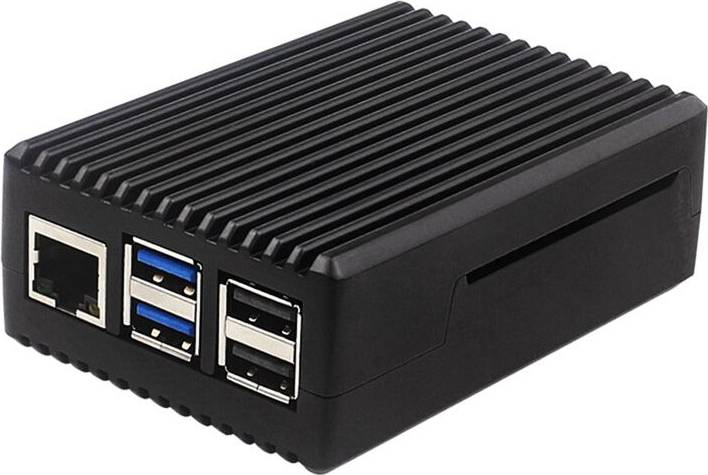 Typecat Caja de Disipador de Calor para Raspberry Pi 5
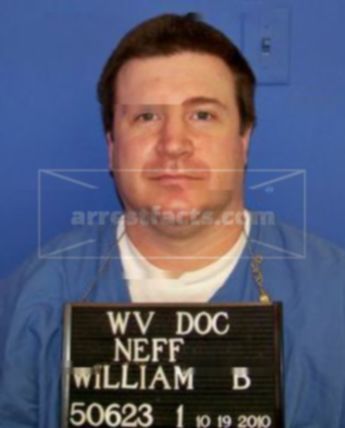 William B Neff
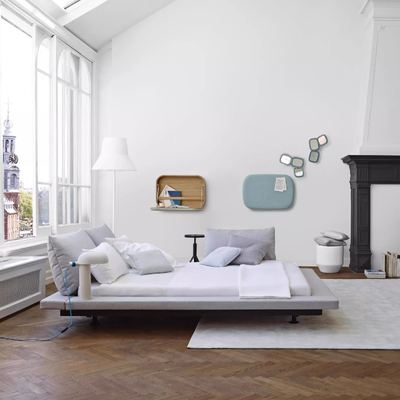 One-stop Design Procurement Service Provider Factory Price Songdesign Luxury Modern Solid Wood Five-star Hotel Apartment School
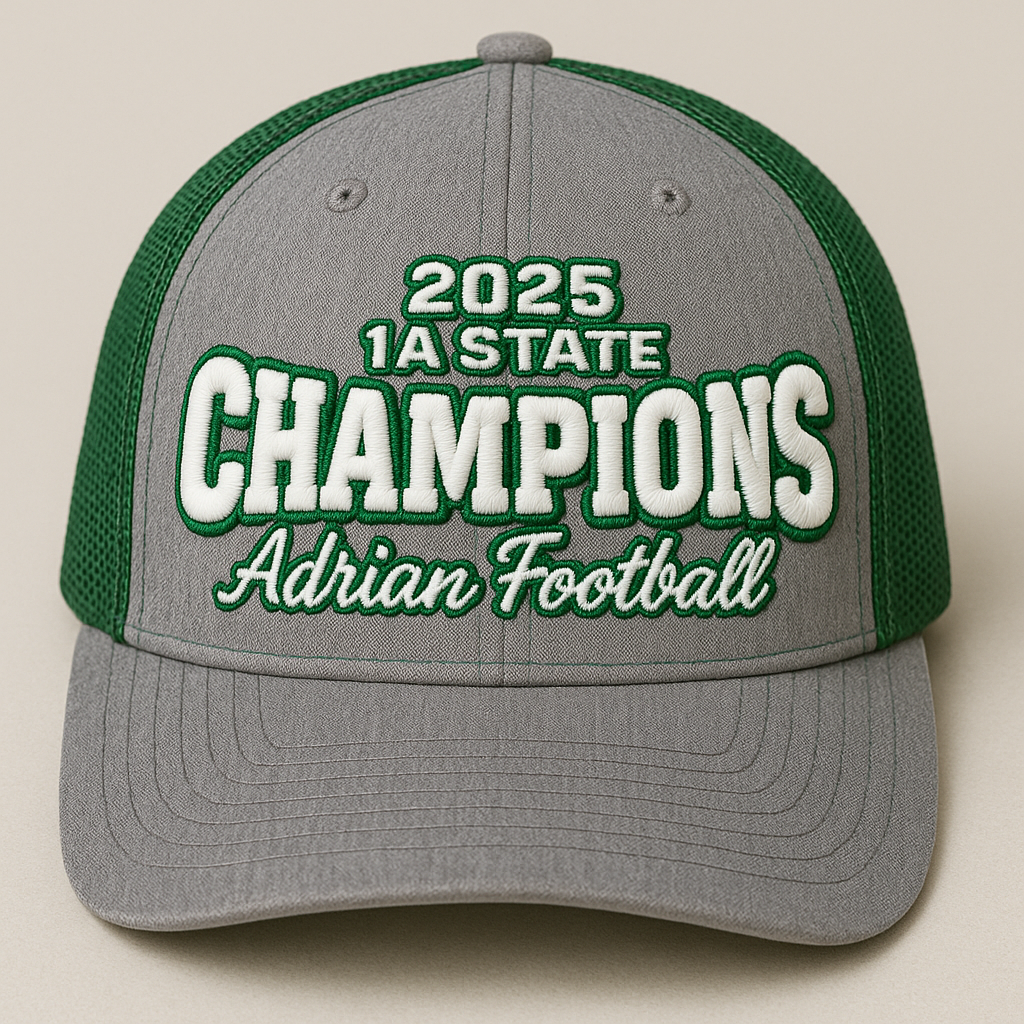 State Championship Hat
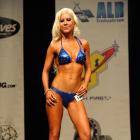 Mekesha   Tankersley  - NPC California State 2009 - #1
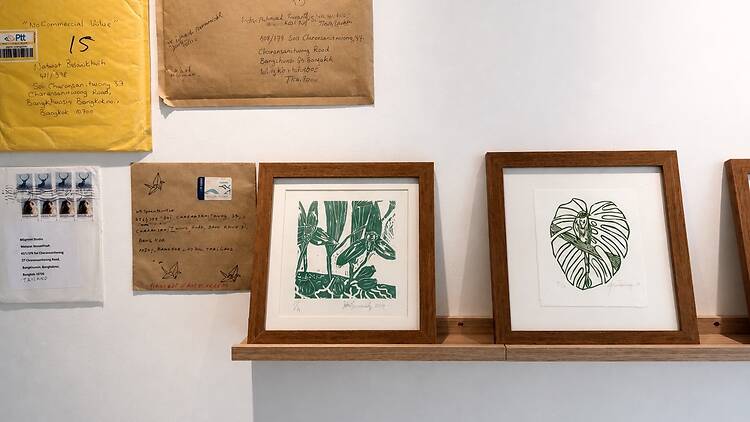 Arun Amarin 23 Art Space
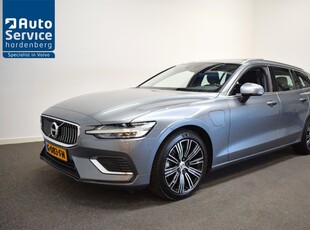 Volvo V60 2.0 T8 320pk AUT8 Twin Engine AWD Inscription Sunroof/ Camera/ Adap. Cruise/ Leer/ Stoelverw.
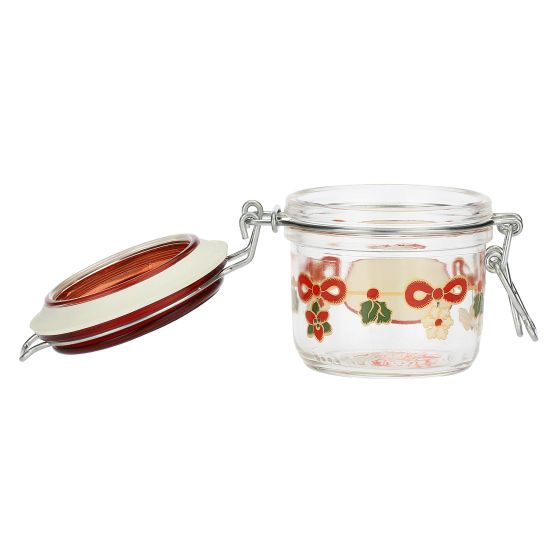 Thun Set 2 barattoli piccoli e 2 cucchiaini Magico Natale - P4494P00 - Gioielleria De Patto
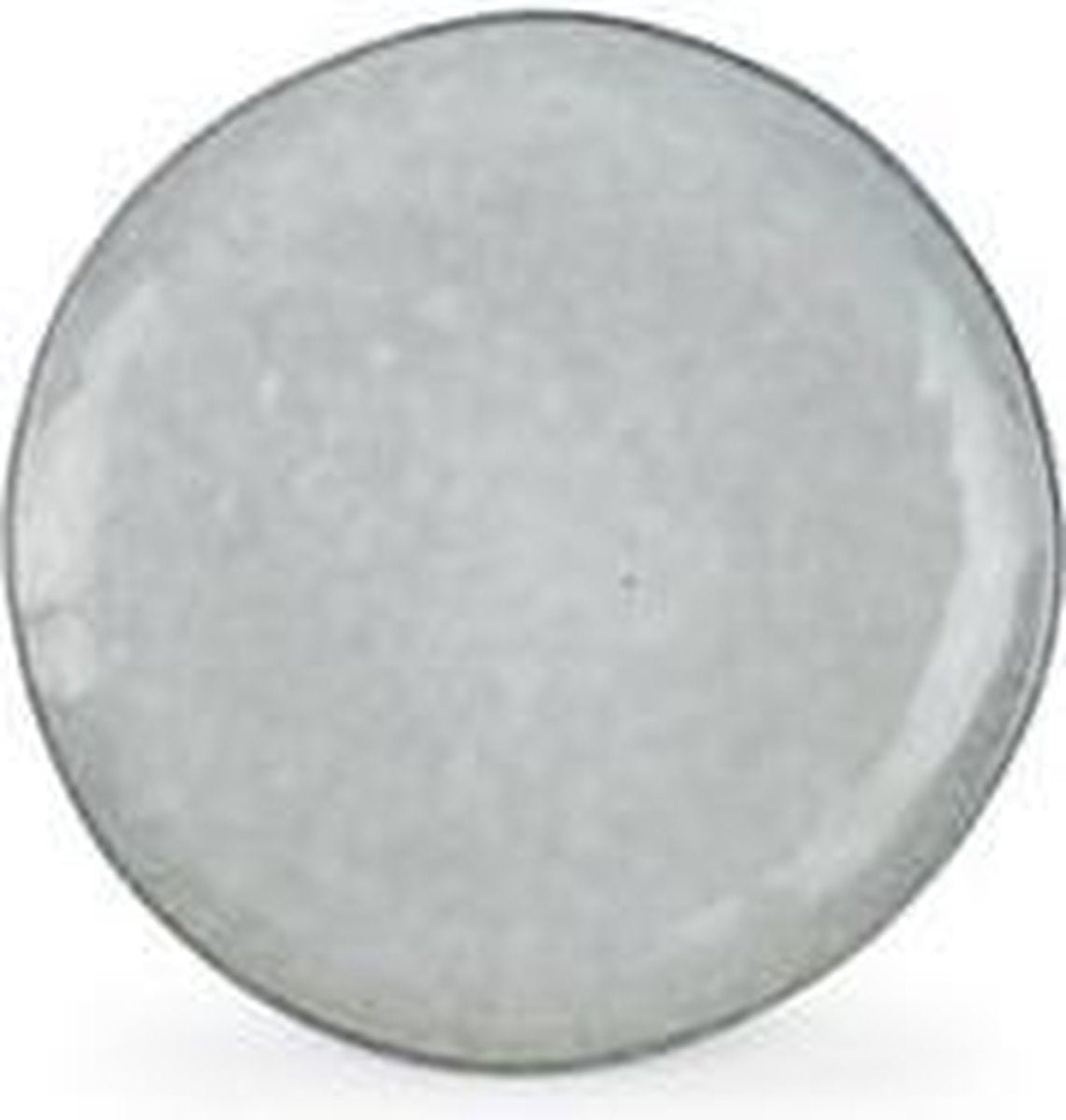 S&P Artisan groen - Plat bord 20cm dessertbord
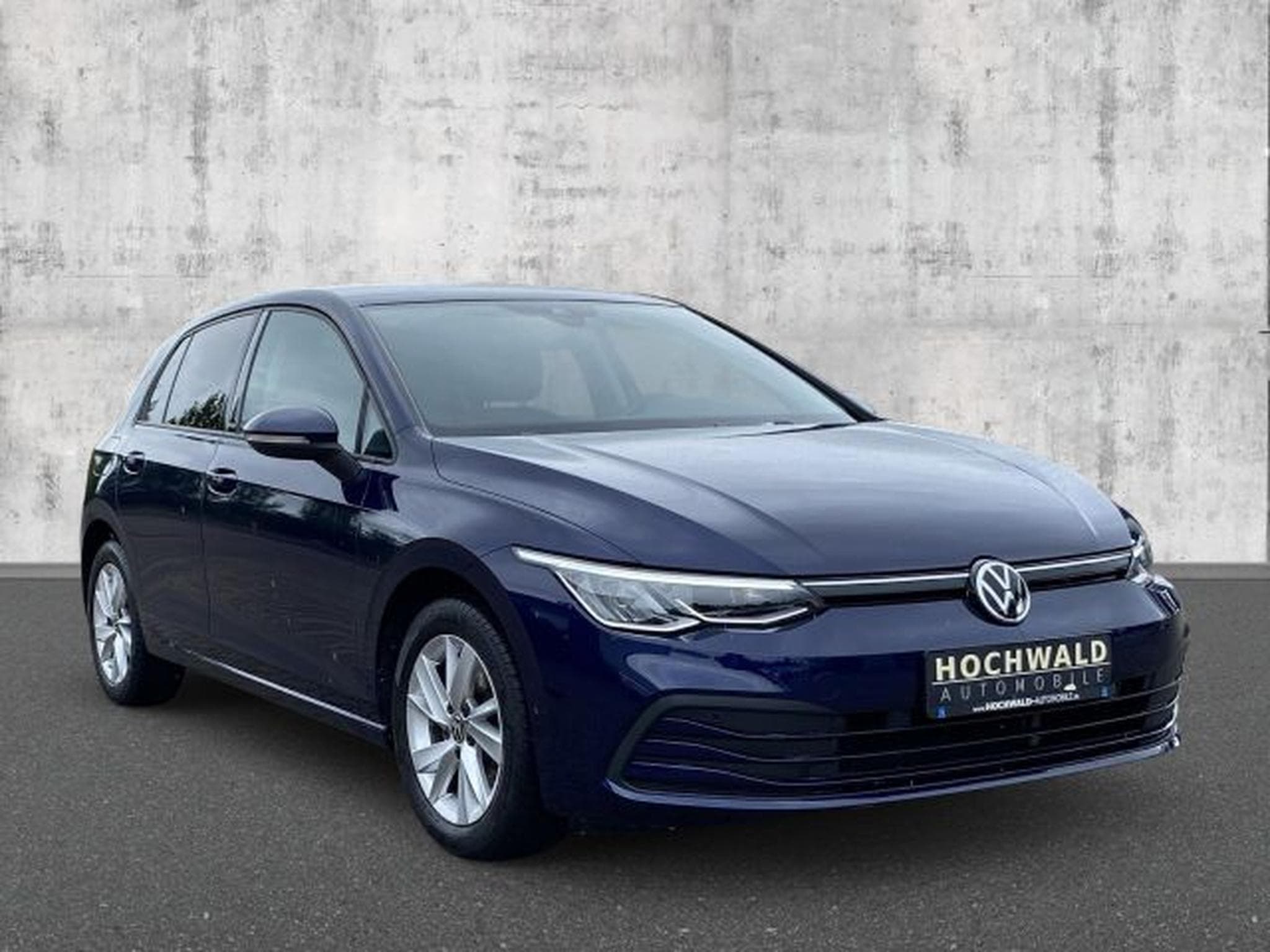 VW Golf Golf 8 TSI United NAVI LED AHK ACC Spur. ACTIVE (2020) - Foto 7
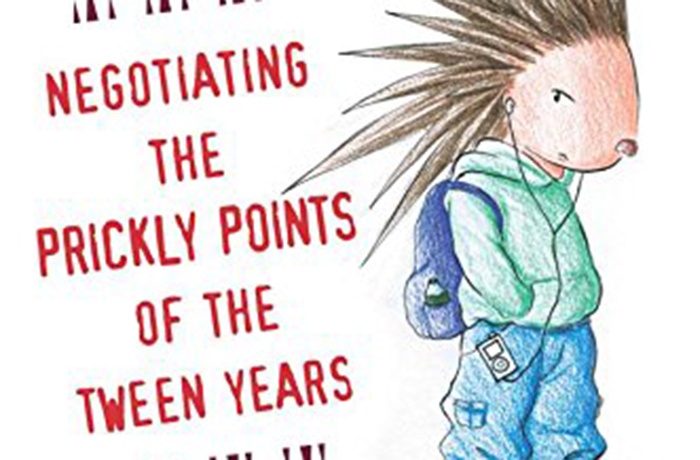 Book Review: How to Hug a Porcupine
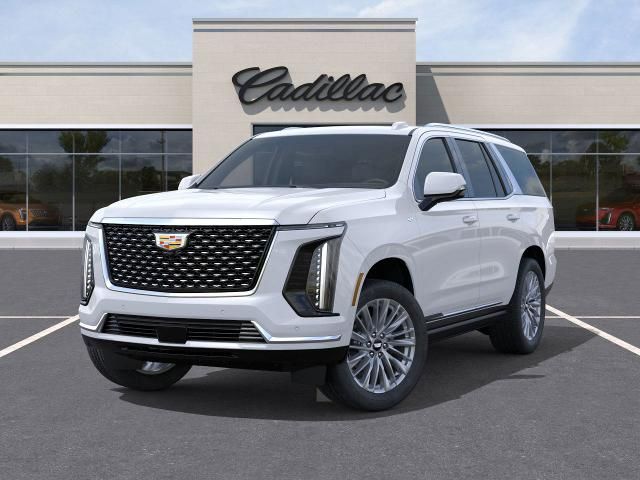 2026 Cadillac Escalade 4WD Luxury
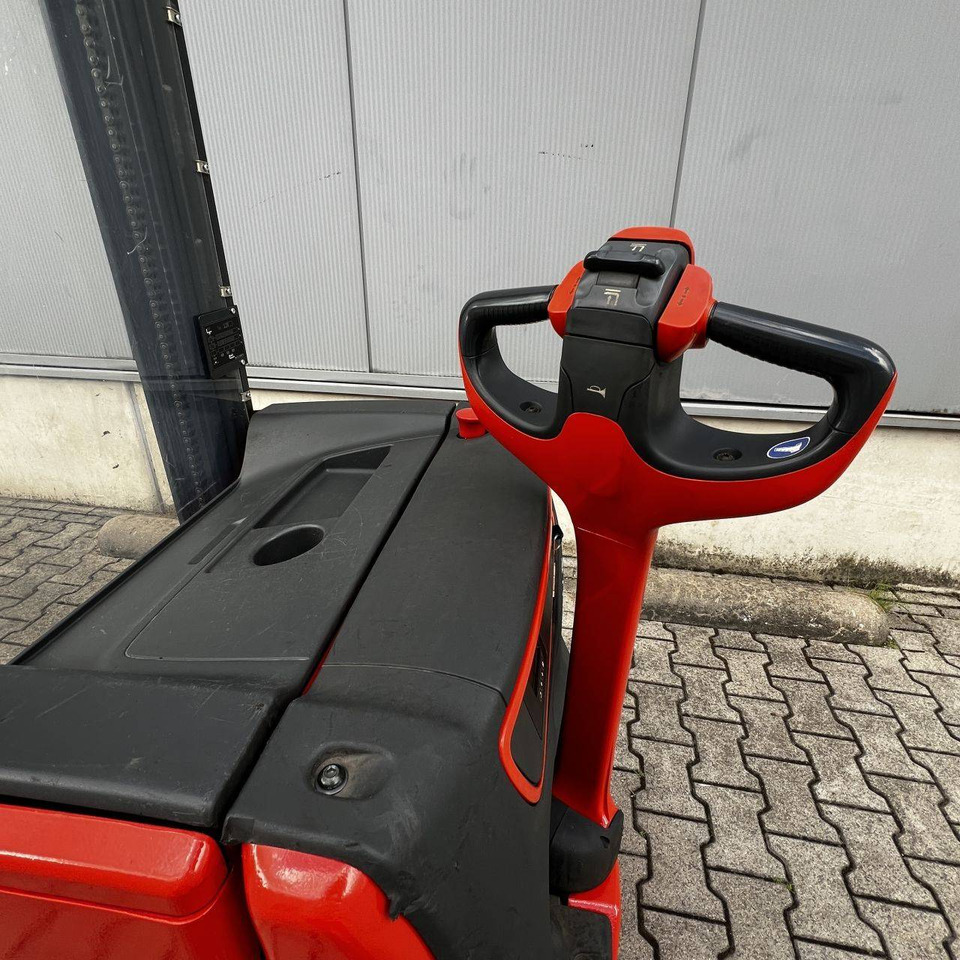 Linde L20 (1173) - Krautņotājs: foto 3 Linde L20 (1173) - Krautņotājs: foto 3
· · ·
▶ EXERCISE DETAILS: Exactly the lines from the one containing "Volvo V60 2.0" to the final line of the entries are wanted; please write them out, both ends included, but not the pictures.

▶ TASK OUTPUT:
 Volvo V60 2.0 T8 320pk AUT8 Twin Engine AWD Inscription Sunroof/ Camera/ Adap. Cruise/ Leer/ Stoelverw.
 Thun Set 2 barattoli piccoli e 2 cucchiaini Magico Natale - P4494P00 - Gioielleria De Patto
 S&P Artisan groen - Plat bord 20cm dessertbord
 VW Golf Golf 8 TSI United NAVI LED AHK ACC Spur. ACTIVE (2020) - Foto 7
 Book Review: How to Hug a Porcupine
 2026 Cadillac Escalade 4WD Luxury
 Linde L20 (1173) - Krautņotājs: foto 3 Linde L20 (1173) - Krautņotājs: foto 3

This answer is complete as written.